=== The data ===

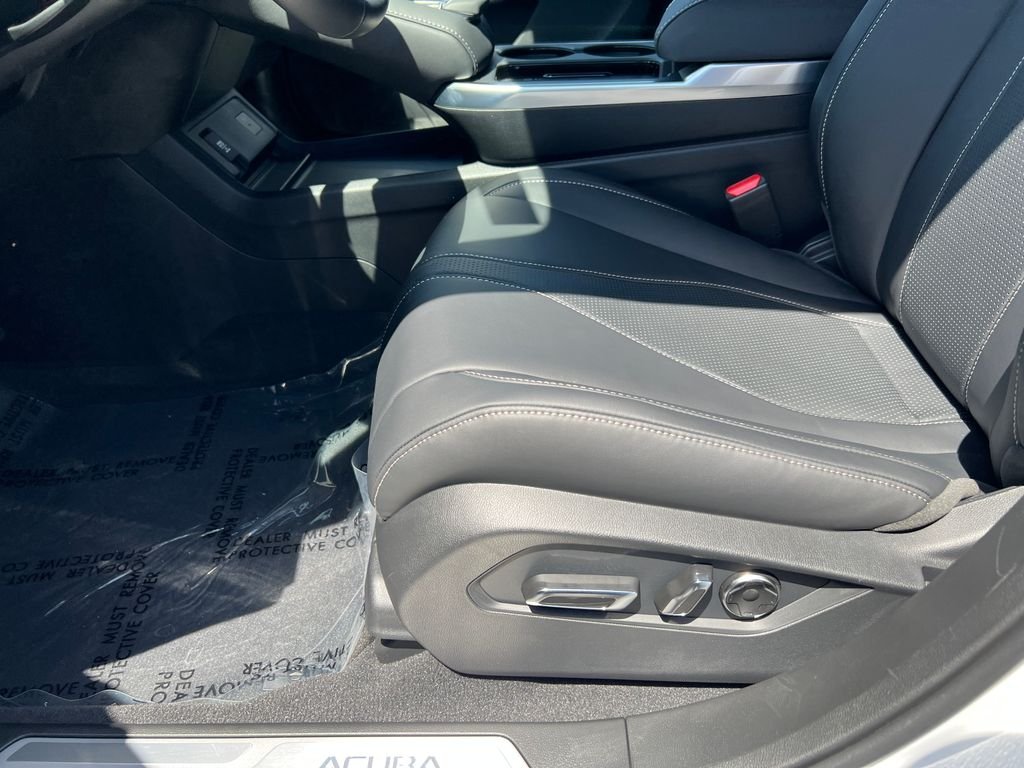 Used 2026 White Acura Technology Package image 15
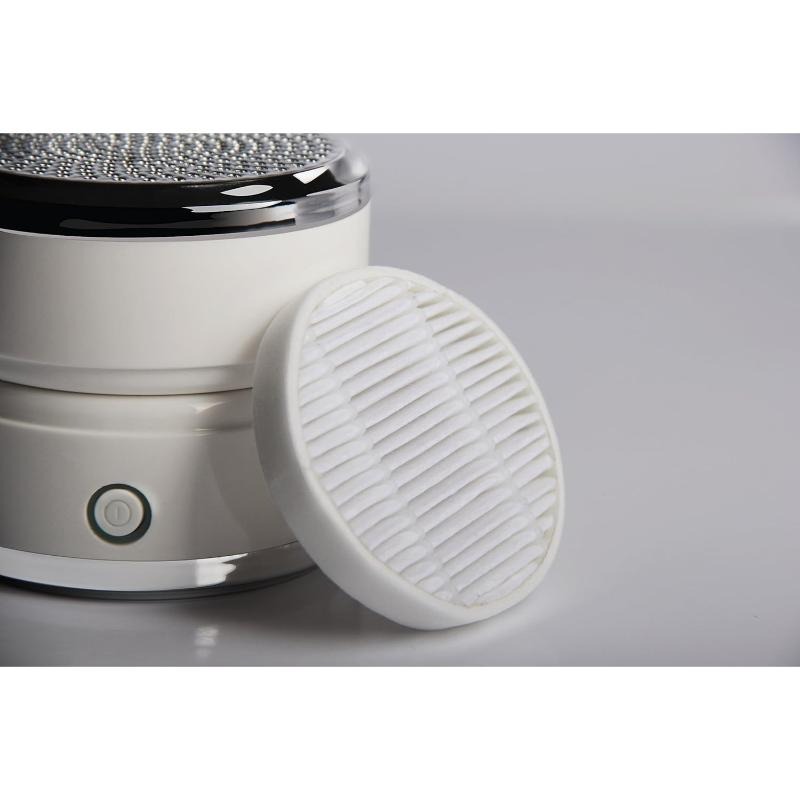 دستگاه تصفیه هوا همراه ایرداگ Fit Air مدل JSB‑18 image gallery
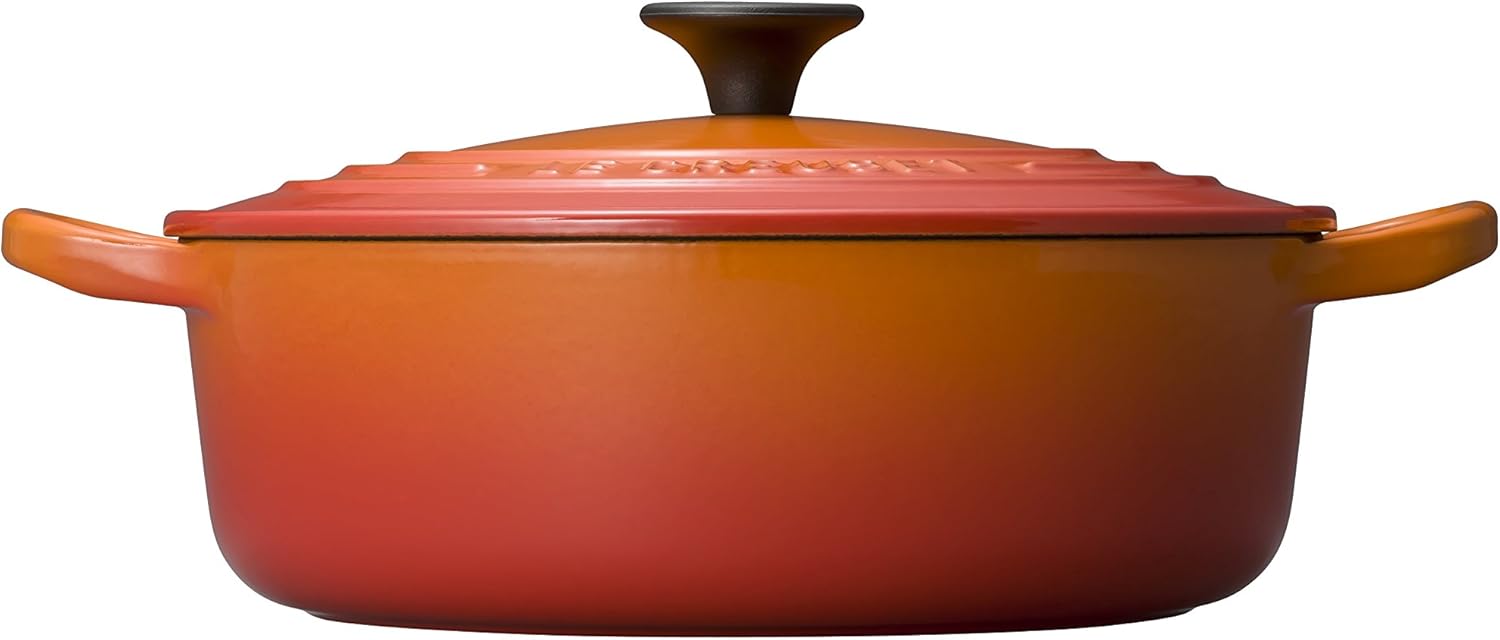 ル・クルーゼ(Le creuset) ココット ジャポネーズ ホーロー 鍋 IH 対応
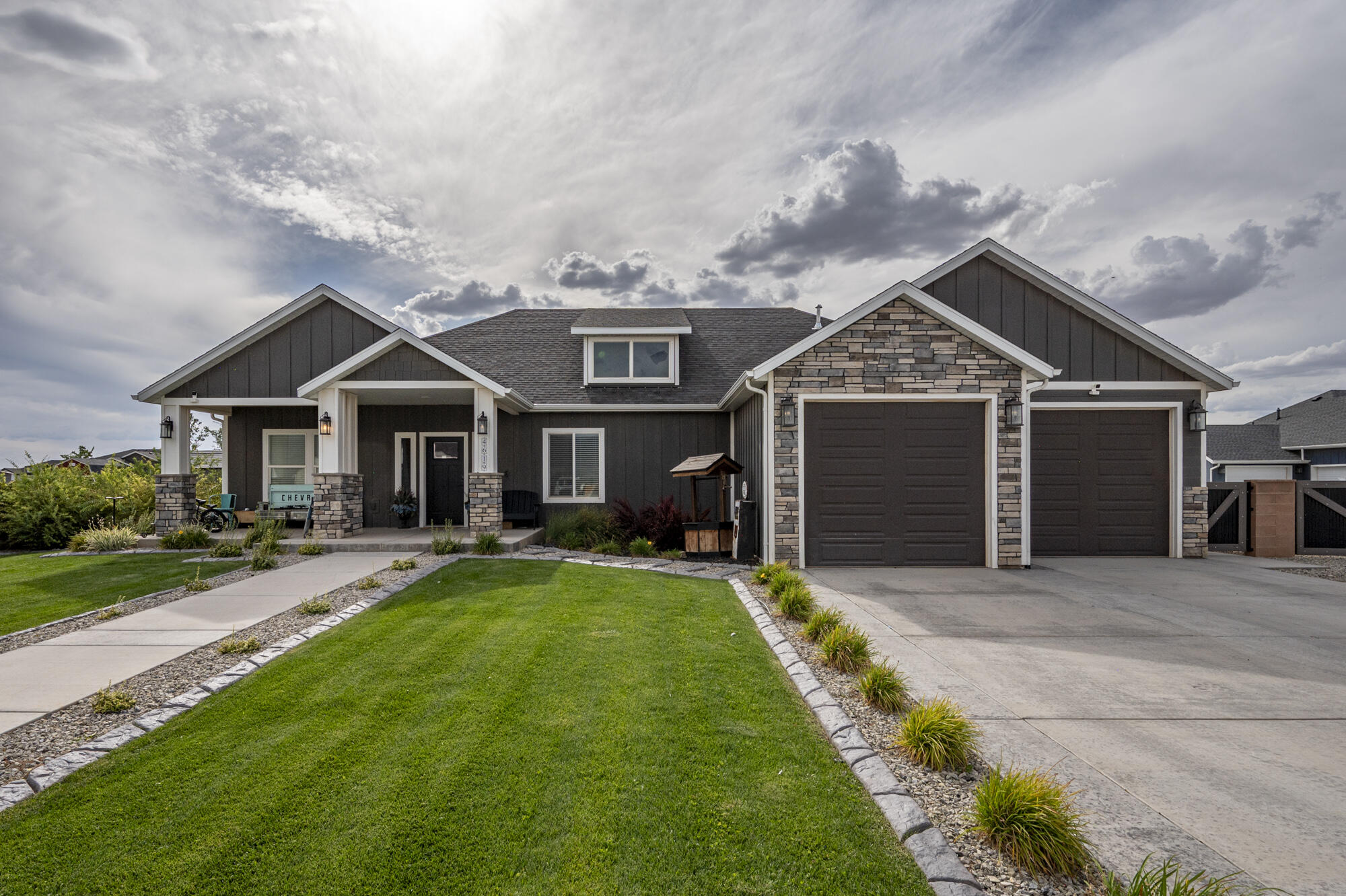 4619 N 2525 W — photo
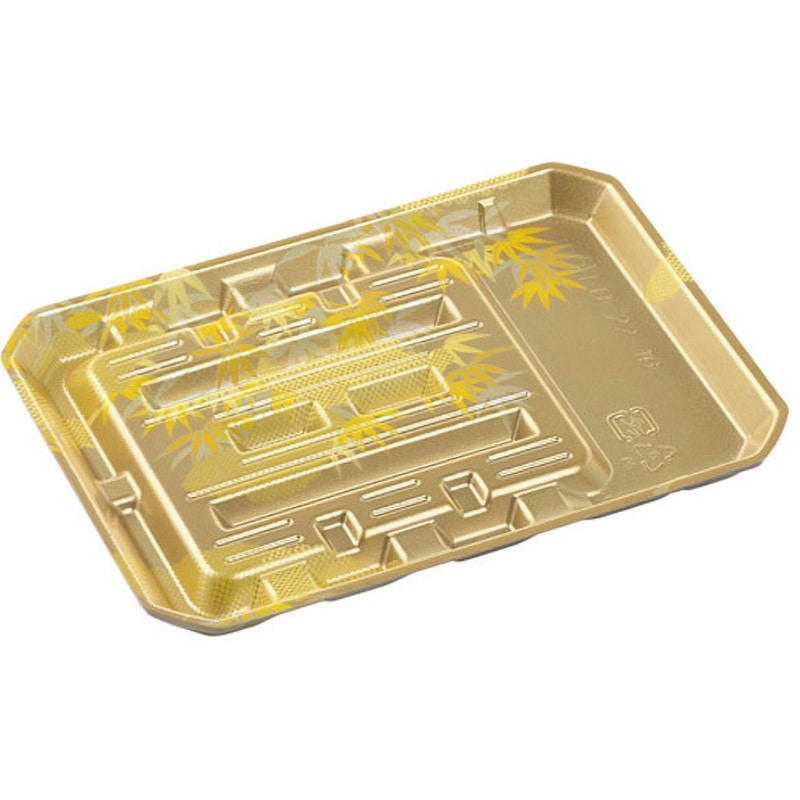 22-16(V) 尾張 FU エフピコ 尾張色  1ケース(50枚×20袋)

===

- What the exercise asks -
When you return the listing, keep it exact and omit any pictures it holds.

- Answer to this problem -
 Used 2026 White Acura Technology Package image 15
 دستگاه تصفیه هوا همراه ایرداگ Fit Air مدل JSB‑18 image gallery
 ル・クルーゼ(Le creuset) ココット ジャポネーズ ホーロー 鍋 IH 対応
 4619 N 2525 W — photo
 22-16(V) 尾張 FU エフピコ 尾張色  1ケース(50枚×20袋)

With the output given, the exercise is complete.